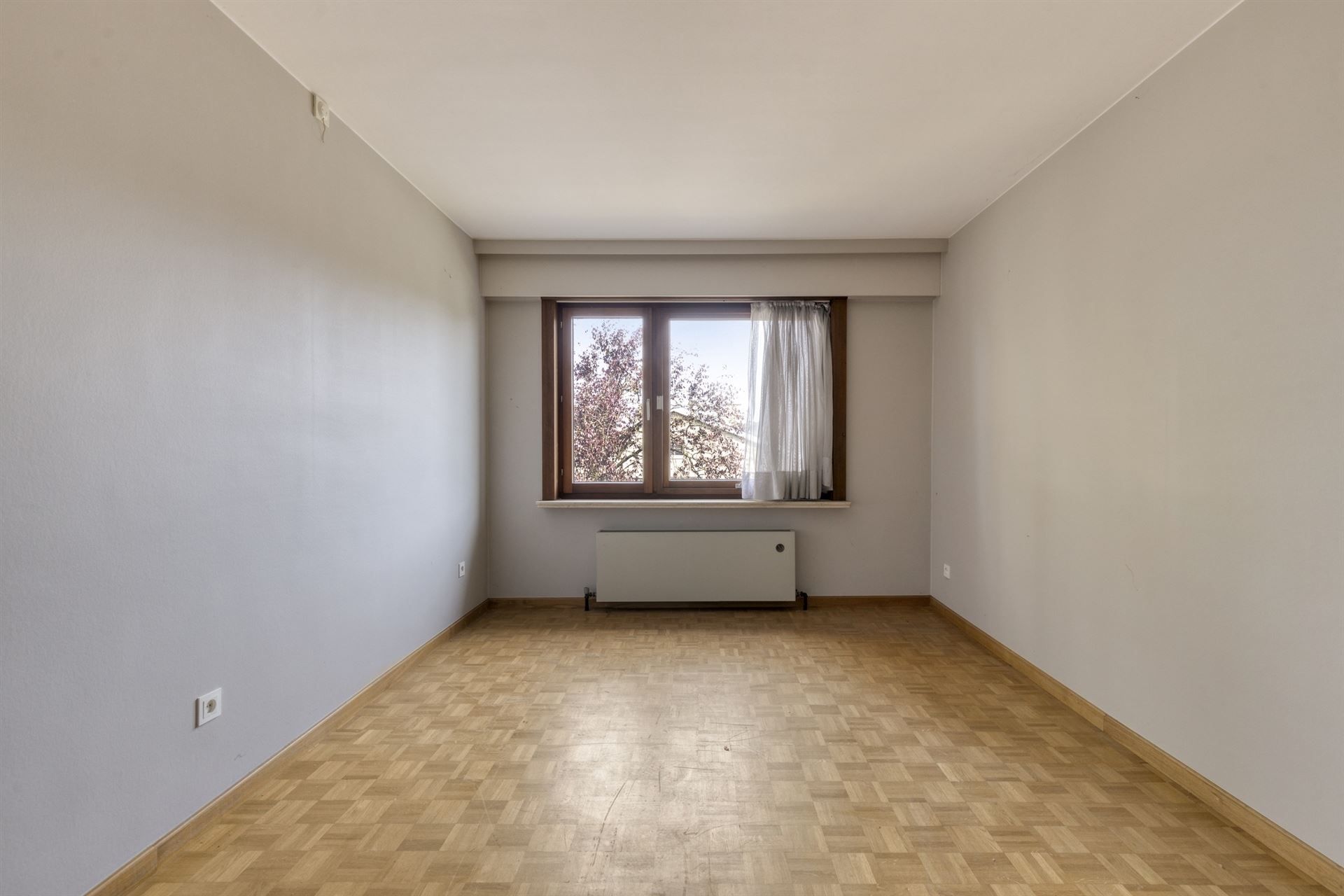 Ruim huis met 4 slaapkamers en grote tuin. foto 14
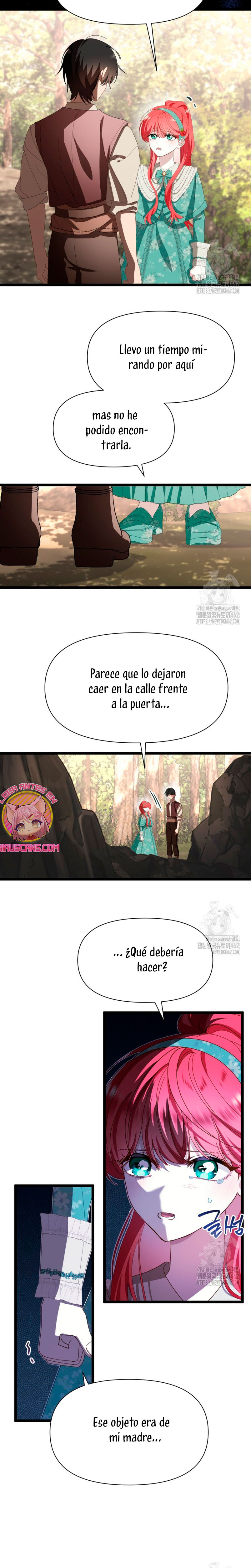 Un camión me mandó a otro mundo Capítulo 74 - Page 5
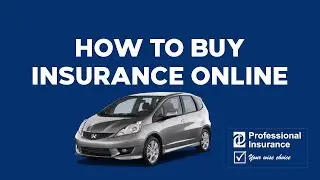 How to Buy Insurance Online - PICZ App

Task description. One exact copy of the data is required, and it should hold no pictures.

Solution for this exercise.
 Ruim huis met 4 slaapkamers en grote tuin. foto 14
 Un camión me mandó a otro mundo Capítulo 74 - Page 5
 How to Buy Insurance Online - PICZ App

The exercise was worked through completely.